People’s Bank of China Freaks Out, Devalues Yuan by Record Amount, Vows to “Severely Punish” Capital Flight

Tuesday, August 11, 2015
By Paul Martin

by Wolf Richter
August 11, 2015

Everything has started to go wrong in the Chinese economy despite its mind-bending growth rate of 7%. Exports plunged and imports too. Sales in the world’s largest auto market suddenly are shrinking just when overcapacity is ballooning. The property market is quaking. Electricity consumption, producer prices, and other indicators are deteriorating. Capital is fleeing. The hard landing is getting rougher by the day. But Tuesday morning, the People’s Bank of China pulled the ripcord.

In a big way.

It lowered the yuan’s daily reference rate by a record 1.9%. The yuan plunged instantly, and after a brief bounce, continued to plunge. Now, as I’m writing this, it is trading in Shanghai at 6.322 to the dollar, down 1.8% from before the announcement. A record one-day drop.

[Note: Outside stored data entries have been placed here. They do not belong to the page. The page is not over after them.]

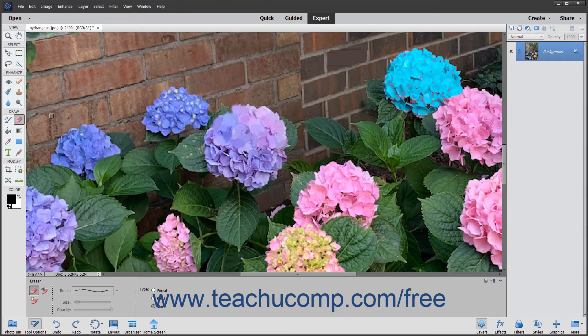You can use the Magic Eraser tool to change similar pixels throughout an image. If you use this tool in the background layer or in a layer with locked transparency where you cannot edit the transparent pixels, then the pixels will change to the background color.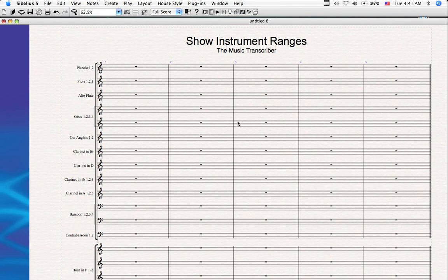Hi, welcome to another edition of Transcribing with the Music Transcriber.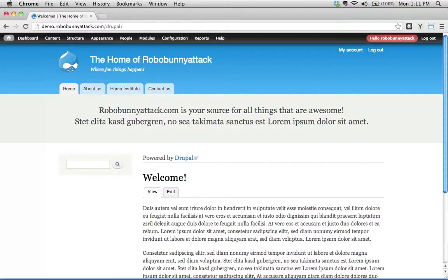Hey, welcome back. Okay, so what are themes in Drupal and how do we go about configuring these?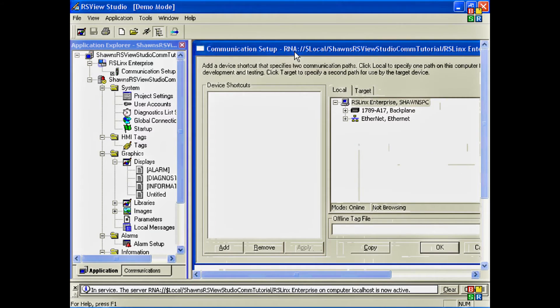This is where you'll configure your PLCs so that they can communicate to your PanelView Plus and so that you can also test out your screens and your application on your development station.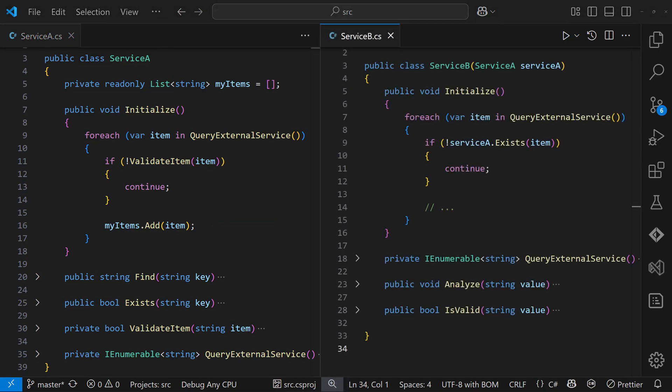So the root cause is a design smell called temporal coupling, that appears when class members must be called in a specific sequence. It introduces a hidden dependency in the temporal dimension. Such a design requires implicit knowledge to be used correctly, which makes the code fragile.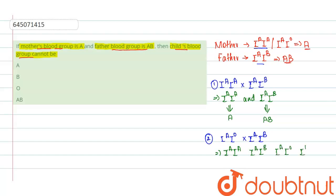Now when we write down the phenotypes, we will get an A blood group, then an AB blood group, then we will be getting an A blood group and B blood group.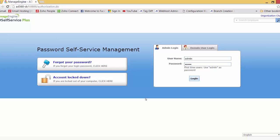Welcome everyone. My name is Tom Jones and today I'll be showing you a demo on the AD Self Service Plus application. AD Self Service Plus is a secure web-based end-user password reset management program. It allows users to perform self-service password reset, self-service account unlock, and also self-update their personal details in Windows Active Directory — and that is the main feature of this application.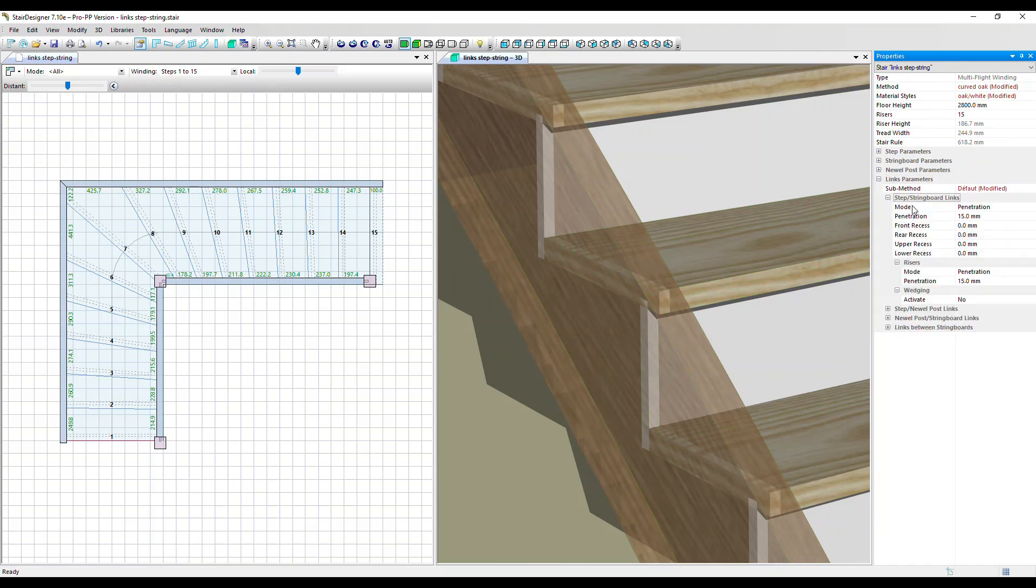So the first option we've got is mode. Normally you'd have penetration. This describes how deep the step is grooved, housed within the string board.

The PBOC had kept the yuan stable against the dollar. As the dollar has risen against other major currencies, the yuan followed in lockstep. Over the past week, the Yuan’s closing levels in Shanghai were limited to vacillating between 6.2096 and 6.2097 against the dollar. Over the past month, daily moves were limited to a maximum 0.01%. The PBOC controls its currency with an iron fist.

Hence the shock to the currency war system.

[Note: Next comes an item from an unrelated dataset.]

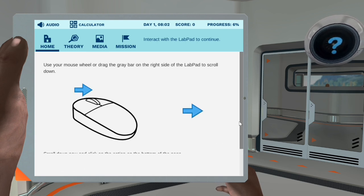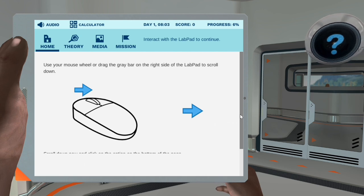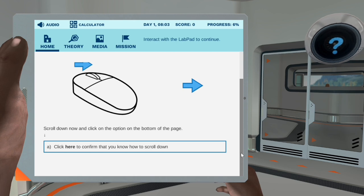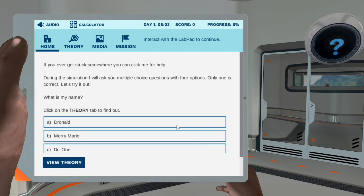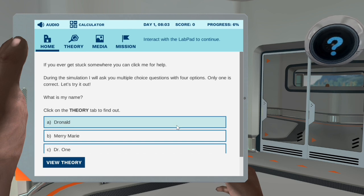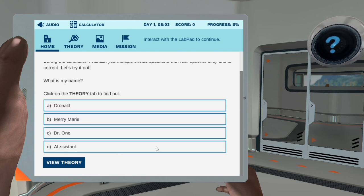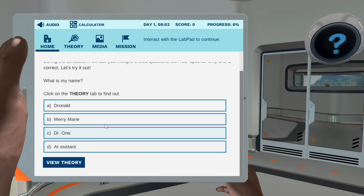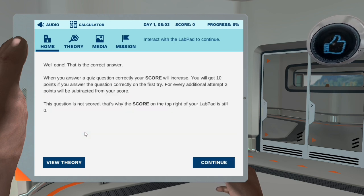Make sure you read the information in this white text box carefully — you won't be able to access it anymore after you click continue. You can access all relevant information in the four tabs above. Right now you're in the home tab. Click on the theory tab to learn about the four lab pad tabs. Use your mouse wheel or drag the gray bar on the right side of the lab pad to scroll down. Scroll down now and click on the option at the bottom of the page.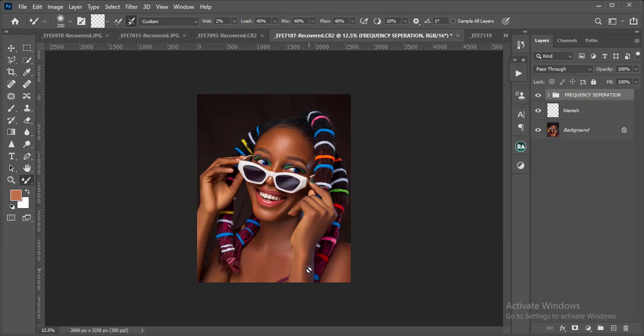Hello guys, quick one. Many people have asked me how do I blend skin in Photoshop. Our focus for today is skin toning. I'm Gmark from Gmark Studios.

The Nikkei, beneficiary of the most aggressive currency warrior out there, had been up, nearly kissing the magic 21,000 at the open for the first time in a generation, but plunged 200 points in one fell swoop when the news hit. Then the Bank of Japan jumped in with its endless supply of freshly printed yen, furiously buying Japanese ETF to stem the loss. The lunch break put a stop to all this. Then the Nikkei plunged again. Maybe the folks at the BOJ were late getting back to their trading stations. But now they’re back at work, mopping up ETFs.